Day 128.
Noah and Dylan both fell asleep on the way home from the mall this early afternoon. My Aunt Jeanie came up from Champaign for the day and we had a fun day together - that wore them out and they conked soon after we left. We came home and Noah woke up when the car stopped moving - so I had to bring him up with me (while Dylan slept downstairs in the car with Jeanie). I knew he was still tired, but awake enough to be mad about being put in his crib - I knew that wouldn't work. So, we laid on the couch together, cuddling, and he dozed on and off for about 45 minutes.
I am grateful for cuddling.
Did I already do this one? Gee, I need to have a list that I can consult because it's very likely I've said this before. But, if I don't remember it, hopefully no one else will. And really, if you're going to have a duplicate, an emphasis on cuddling is a good one.
I used to be a huge cuddler, but something about having two children who nursed a lot, slept in our bed a lot (butted up next to me nonetheless) kind of cuddled me out. At least when I sleep, I don't want bodies touching me anymore.
But, now that my kids are four and two, the cuddles aren't as frequent anymore.
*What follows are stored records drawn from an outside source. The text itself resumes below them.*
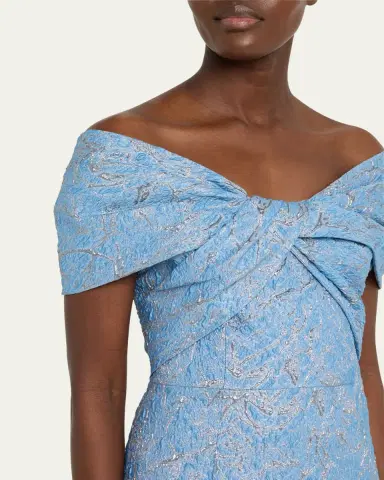 Rickie Freeman for Teri Jon Off-Shoulder Metallic Jacquard Gown | Thumbnail 5 Rickie Freeman for Teri Jon Off-Shoulder Metallic Jacquard Gown | Thumbnail 5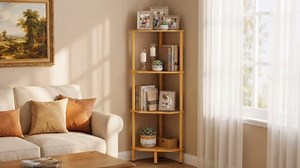 Corner Shelf, 5 Tier Bamboo Corner Bookshelf, 54" Tall Narrow Bookcase, Plant Stand, Corner Display Rack, Shower Caddy, Display Standing Shelf Organizer for Bedroom, Living Room, Kitchen, Home Office
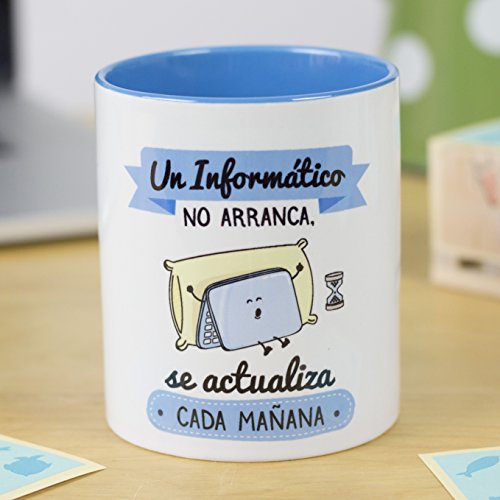 La mente es Maravillosa - Taza Frase y Dibujo Divertido (Un informático no arranca, se actualiza Cada mañana) Regalo INFORMÁTICO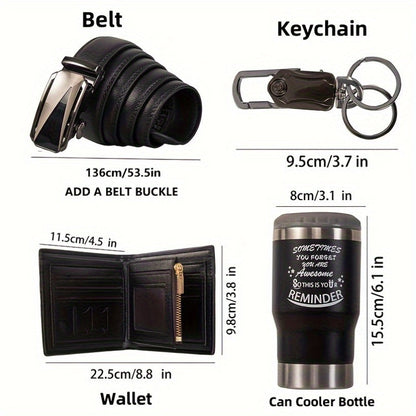 Men's Gift Set with Wallet Belt Keychain (6pcs)-2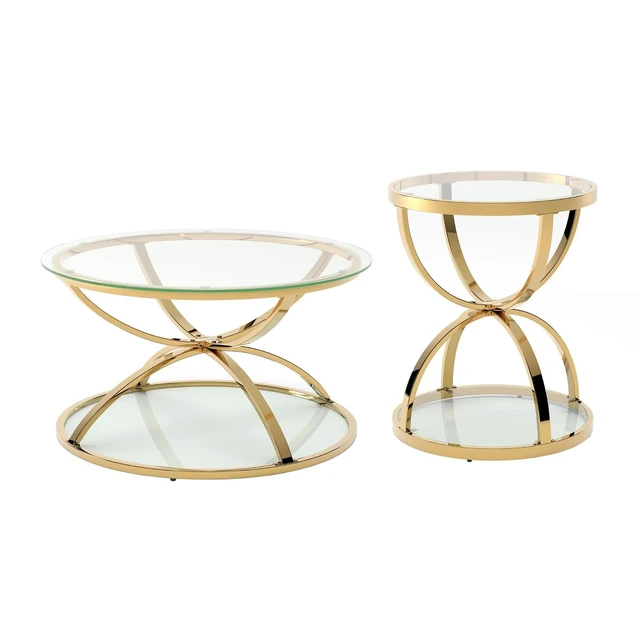 Alt view image 5 of 6 - Coffee Table Set of 2, Round Glass Center Table with 2 Tiers and Ring-Shaped Frames for Living Room, Office & Apartment, Gold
No one is nursing, no one needs to be held, or carried in a sling, or nuzzled to sleep. So, my body is finally my body. My sleep is mostly my sleep. And now, I crave a good cuddle with my babies, who are not really babies anymore.
When I'm not trying to sleep (which would have been nice today, but he was too squirmy for me, the lightest sleeper on earth) - cuddling is the best. I love their little sweaty bodies mushed up against mine, deep breathing, hair tickling my cheek, dead weight on my chest.
I mourn for the last day that happens. When will it be, and when it comes will I know it is the last time?